Amid its ongoing rate-hike forecasts comes last Friday’s U.S. jobs number, the ghastliest in five years. Traders now wonder if the Fed has any true inkling of when it’ll hike rates next.
Yet still, the U.S. central bank seems determined to buck the global trend of monetary easing. Since the start of last year alone, 50+ nations have cut interest rates. Team Yellen has done the opposite.
She and her hawkish cohorts want us to believe that America can outpace world growth and inflation, and is deserving of higher rates. But markets don’t buy it. There’s a reason U.S. (and Canadian) benchmark yields are flirting with historic lows. Traders now believe the Fed will postpone rate hikes for months, if not far longer.
So, despite the Yanks’ influence over Canadian rates, Fed double-speak can probably be tuned out for a while. At the moment it’s just a lot of static.
Market Rates This Week
As regular readers know, government bond yields are typically the #1 influence on fixed mortgage rates. And you’ll want to keep an eye on the five-year yield in particular. With more appalling econ data (à la last week’s jobs number and trade number) it could sink to new depths and bring fixed rates with it.
Not coincidentally, odds of a Bank of Canada rate cut are also increasing. Albeit, few expect chief Stephen Poloz to act until he sees whether our tax dollars (Liberal stimulus) can prop up sagging growth.
By the way, if you’re looking for an early warning signal of meaningful fixed-rate increases, the closest thing is the 5-year bond yield. The magic number is 1.10%-ish. Until it closes above that, the mortgage rate downtrend remains intact.
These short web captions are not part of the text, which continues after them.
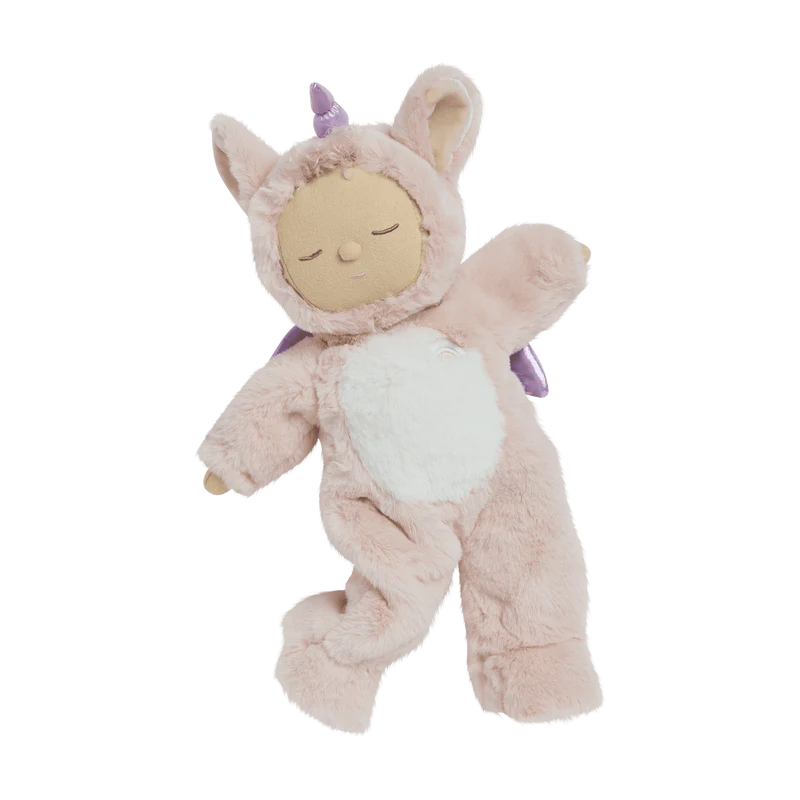 Olli Ella Cozy Dinkums Unicorn - Sugarpie
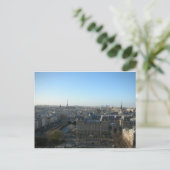 Carte Postale Paris depuis Notre-Dame (Debout devant)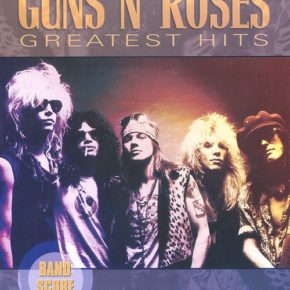 GUNS N' ROSES GREATEST HITS(BAND SCORE)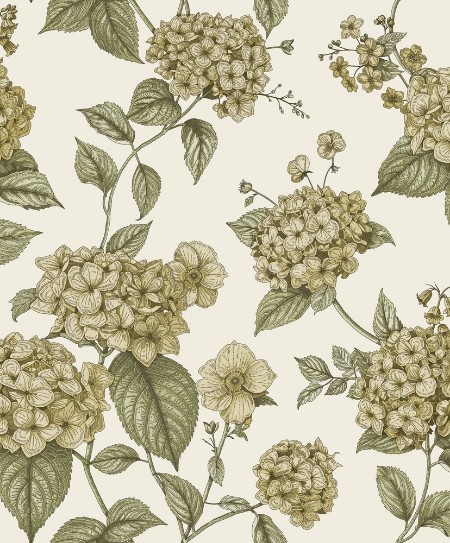 Hortensia - 92122 wallpaper Holden Decor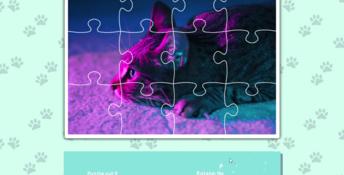 1001 Jigsaw. Cute Cats 2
Long-term Growth is Not Fixed Rate Friendly
Predicting long-term GDP is like predicting average hurricane intensity. Over a decade-long span, your forecasts will probably be in the ballpark. But in any given year you can get that 100-year storm that blows your roof off.
Mortgagors shouldn’t (can’t) base their strategy on expectations for the next year. You’ve got to think long term. Someday, rates will make convincing new highs and panic thousands of variable-rate borrowers. But even when that happens, Canada’s long-run prospects won’t warrant perpetual rate hikes.
World economic agencies like the OECD and IMF peg Canada’s GDP growth near a modest 2% for decades to come. Assuming they’re even roughly accurate OR overestimating, Canadian inflation should top out around 3%, short-term blips aside. Looking back at history, GDP growth of two points or less has rarely led to more.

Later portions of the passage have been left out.